Quite predictably– the Euro, once again, is hopelessly exposed to domestic financial crises.
All the furore in Brussels about improving EU competitiveness is predicated on a stable currency union. Unfortunately, this assumption will be tested by the financial markets in the months ahead.
And this time it’s the very heart of the EU – France, Italy and Germany – that pose the biggest threats to the Euro’s very survival.
France presents the most immediate problem with a current budget deficit of over 6% projected for 2024. The proposed French budget for 2025 – despite significant tax rises and spending cuts – only envisages Paris reaching the 3% Maastricht criterion by 2029. And even the achievability of this target has been met with scepticism by many economists. With public spending at 58% of GDP and an expanding debt pile approaching 120% of GDP – France is finally facing an economic reckoning decades in the making (Paris hasn’t run a budget surplus since 1974).
The fragility of the Barnier government compounds the nervousness of the financial markets. It now costs France more to borrow money on the financial markets than either Spain or Greece. French bonds are already priced as part of the “euro periphery”. As the Eurozone’s second largest economy the implications of a French financial crisis for the Euro are obvious. As highlighted by the Martens Centre in May 2024, France and Greece are now trending in exactly opposite directions when it comes to debt sustainability.
Similarly, Italy has failed to break out of its low growth, high debt economic cycle. The latest data from the Bank of Italy projects growth of just 0.6% in 2024. The European Commission estimates that its debt will exceed 140% of GDP in 2025. To plug current budget gaps, the Italian government is planning on imposing additional taxes on banks and insurers. Like France, this is not a coherent plan for the public finances, but rather an annual exercise in crisis management.
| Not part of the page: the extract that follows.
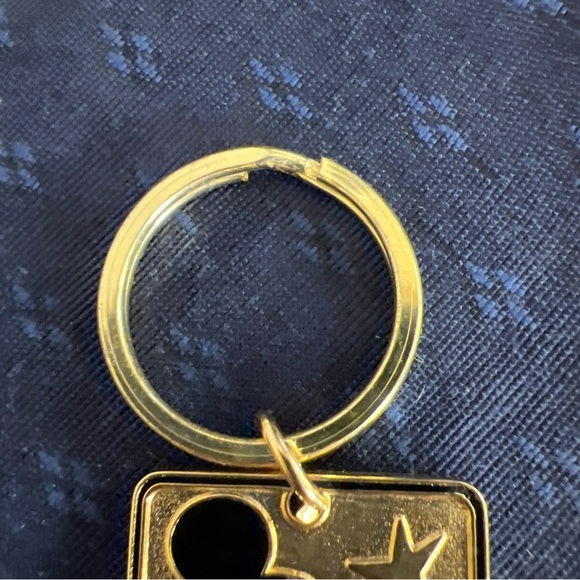 MICKEY WALT DISNEY WORLD SOUVENIR KEYCHAIN/KEYRING - Jonathan Name - Picture 5 of 9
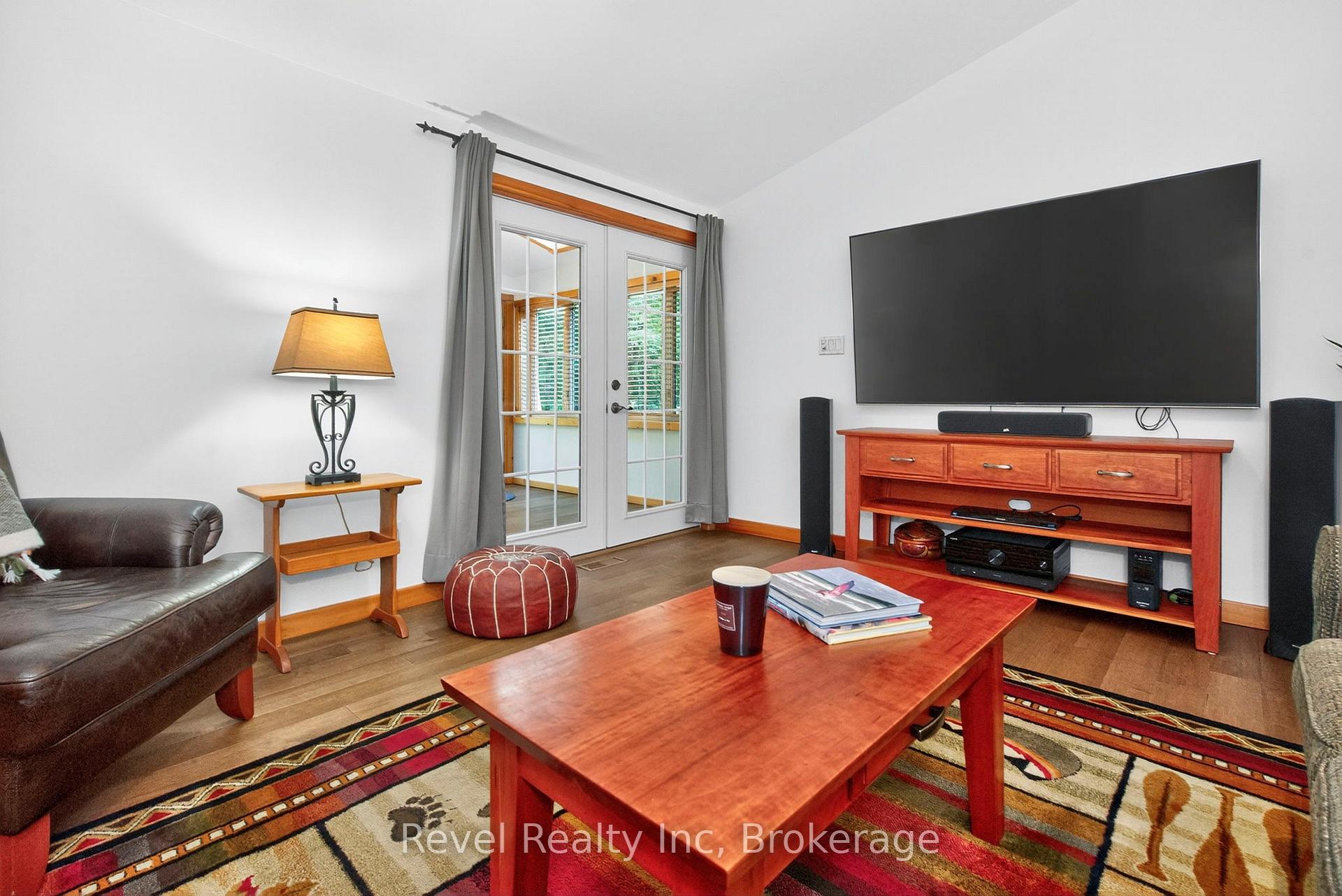 Photo 17 of 33 Belcourt Crescent, Tiny, Rural Tiny — HOMEH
Germany – despite a very healthy debt to GDP position – is now experiencing the result of decades of underinvestment across key economic sectors. A domestic policy position that is now compounded by an economic model rendered partially obsolete by strategic decisions in Moscow and Beijing. Germany’s current recession may be the harbinger of a truly painful (and lengthy) economic readjustment to come. One that will reverberate throughout Central and Eastern Europe given the integrated nature of supply chains in this region, particularly in automotive production.
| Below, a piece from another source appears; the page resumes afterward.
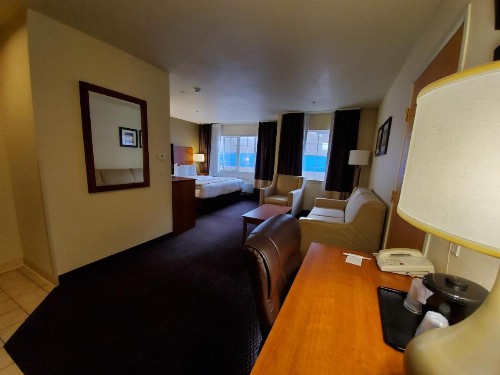 Country Inn & Suites by Radisson Bend OR - image 49
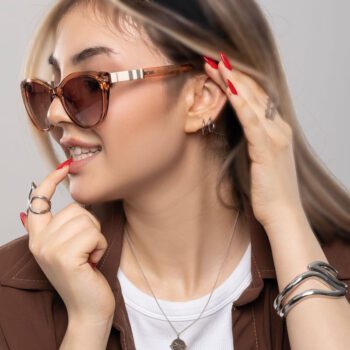 عینک زنانه باربری لاندن کد EYN42 | فریم بزرگ کشیده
The reality of this low growth model is that the Eurozone remains susceptible to a potential French or Italian financial crisis in the short term. A crisis likely sparked by future political instability.
So, while Brussels debates Draghi’s longer term proposals – or the marginal recent revision of the EU’s fiscal rules – the foundations underpinning the Eurozone’s fragility go unaddressed.
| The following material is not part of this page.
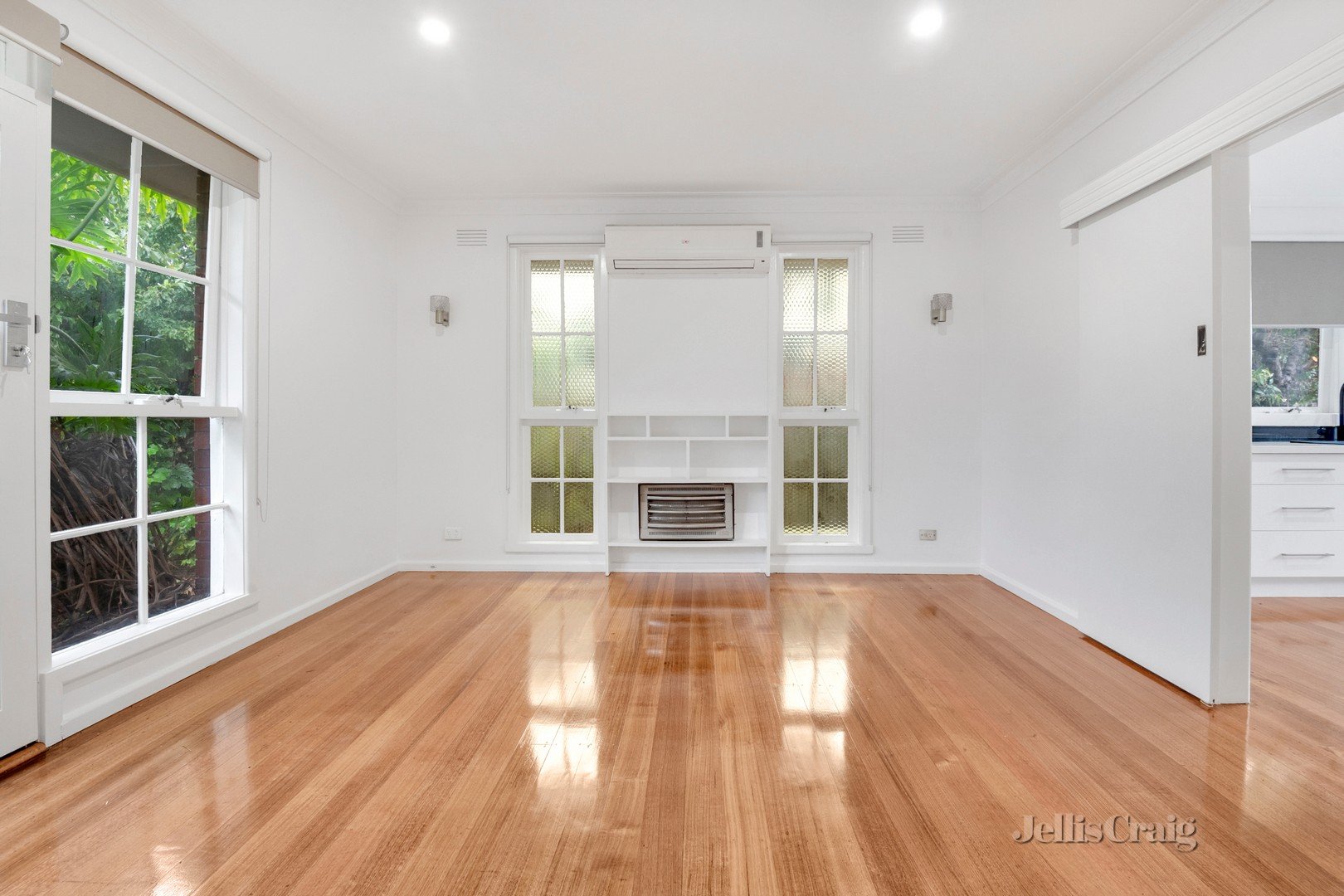 8/37 Blyth Street, Brunswick image 1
Namely – in an unfinished monetary union where the ECB acts as a buyer of last resort for Italian and French debt – there will never be sufficient political ownership to undertake the required national reforms. We shouldn’t forget that the structural impediments to faster growth in both France and Italy – lack of competition in key sectors, unsustainable social security models, local and national level bureaucracy, poorly targeted public spending – are domestic level issues requiring domestic level solutions.
True competitiveness can’t be imposed in a top-down manner on national economies.
France and Italy are only a Eurozone problem due to the possible contagion effects in a partially built monetary union. And because the EU – in ignoring its own “no bailout” rule during the Great Financial Crisis – has de facto embedded “bailouts” into the Eurozone’s institutional structure. So while Draghi may have saved the Euro in 2012, his institutionalisation of the ECB as the ultimate arbiter of national borrowing yields (in effect capping yields by buying available debt) has disempowered national policymakers. It has also ensured the survival of the low growth, high debt model evident in France and Italy over the past decade.
But all is not yet lost. An overarching EU focus on competitiveness, empowering SMEs and reducing bureaucracy should be matched by structural reforms at national level to create a new momentum for action. Returning to the Lisbon Agenda of the 2000s should put the focus on a deepening Single Market as the driver of higher economic growth. EU funding must act as a catalyst for reform at national level, not just a top-up for national budgets. And, perhaps most importantly of all, the EU and member states must stop talking about completing a Banking and Capital Markets Union – and actually deliver. This time, the future of the Eurozone may be at stake.